Fury over reported federal gender plan
Trump ‘protecting everybody’ with transgender concept
WASHINGTON — LGBT leaders across the U.S. reacted with fury yesterday to a report that the Trump administration is considering adoption of a new definition of gender that would effectively deny federal recognition and civil rights protections to transgender Americans.
"I feel very threatened, but I am absolutely resolute," Mara Keisling, executive director of the National Center for Transgender Rights, said at a news conference convened by more than a dozen activist leaders. "We will stand up and be resilient, and we will be here long after this administration is in the trash heap."
On Sunday, The New York Times reported that the Department of Health and Human Services was circulating a memo proposing that gender be defined as an immutable biological condition determined by a person's sex organs at birth. The proposal would define sex as either male or female, and any dispute about one's sex would have to be clarified through genetic testing, according to the Times' account of the memo.
President Trump addressed the latest controversy as he left the White House for a political trip to Houston, but left unclear how his administration plans to proceed.
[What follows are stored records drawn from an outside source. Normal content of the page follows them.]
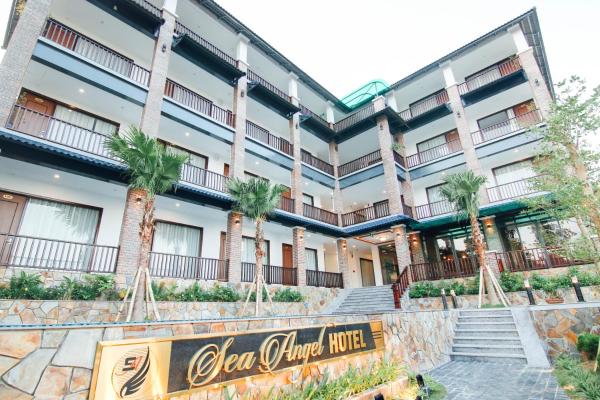 Sea Angel Hotel Halong, Rezervați Hotel Hoteluri în Quang Ninh cu parcare, Parcare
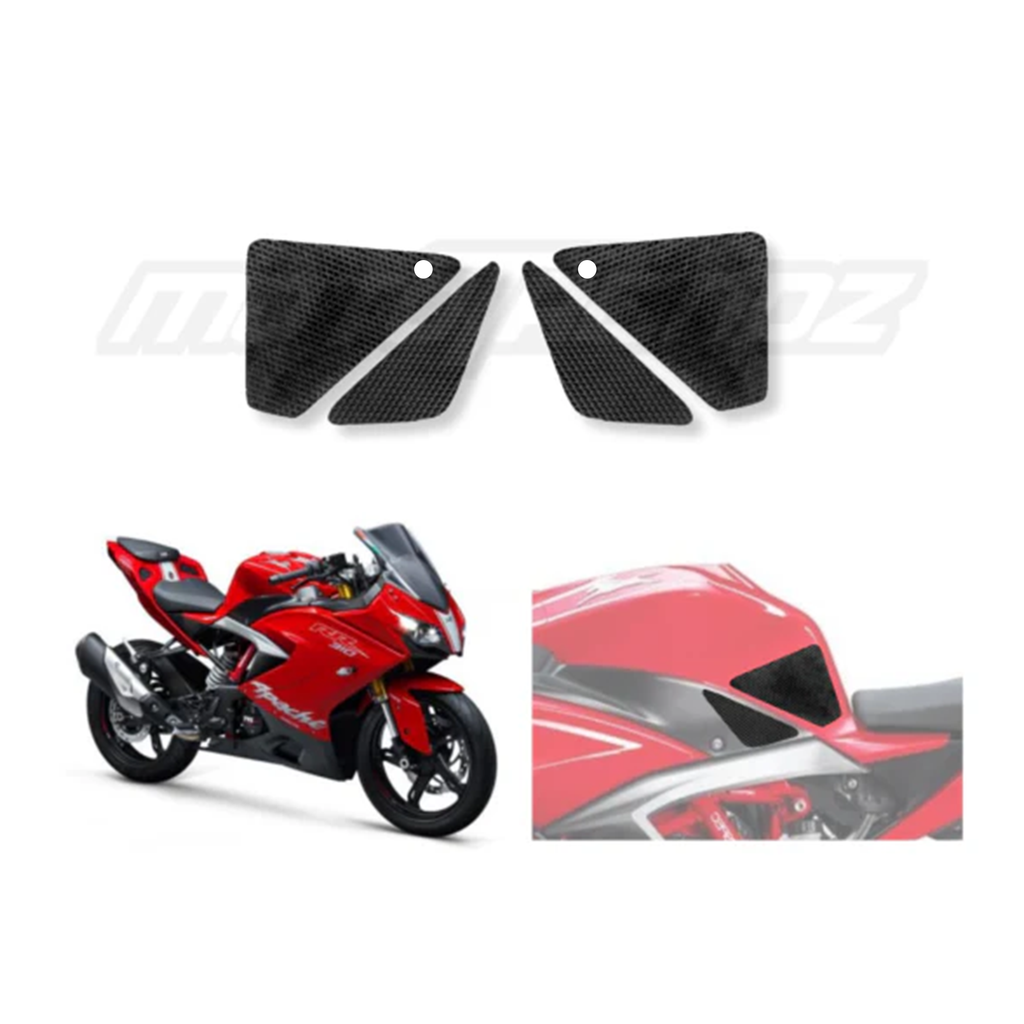 Traction Pads – TVS APACHE RR 310 ₹549.00 – ₹1,849.00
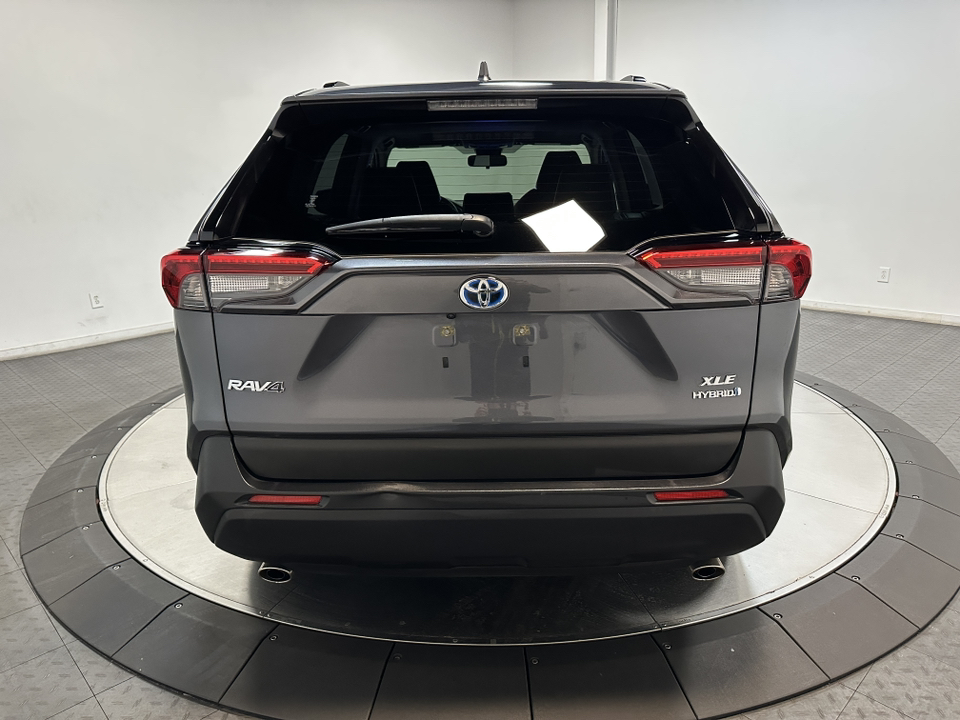 2023 Toyota RAV4 Hybrid XLE Premium 11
"We have a lot of different concepts right now," Trump said. "They have a lot of different things happening with respect to transgender right now — you know that as well as I do — and we're looking at it very seriously."
Trump added: "I'm protecting everybody."
The Cabinet agency had acknowledged months ago that it was working to rewrite a federal rule that bars discrimination in health care based on "gender identity." It cited a Texas-based federal judge's opinion that the original rule went too far in concluding that discrimination based on gender identity is a form of sex discrimination, which is forbidden by civil rights laws.
The department said it would not comment on "alleged leaked documents."
LGBT activists, who pledged legal challenges if the reported memo leads to official policy, said several other courts had issued rulings contrary to O'Connor's.
"For years, courts across the country have recognized that discriminating against someone because they are transgender is a form of sex discrimination, full stop," said Diana Flynn, Lambda Legal's litigation director. "If this administration wants to try and turn back the clock by moving ahead with its own legally frivolous and scientifically unsupportable definition of sex, we will be there to meet that challenge."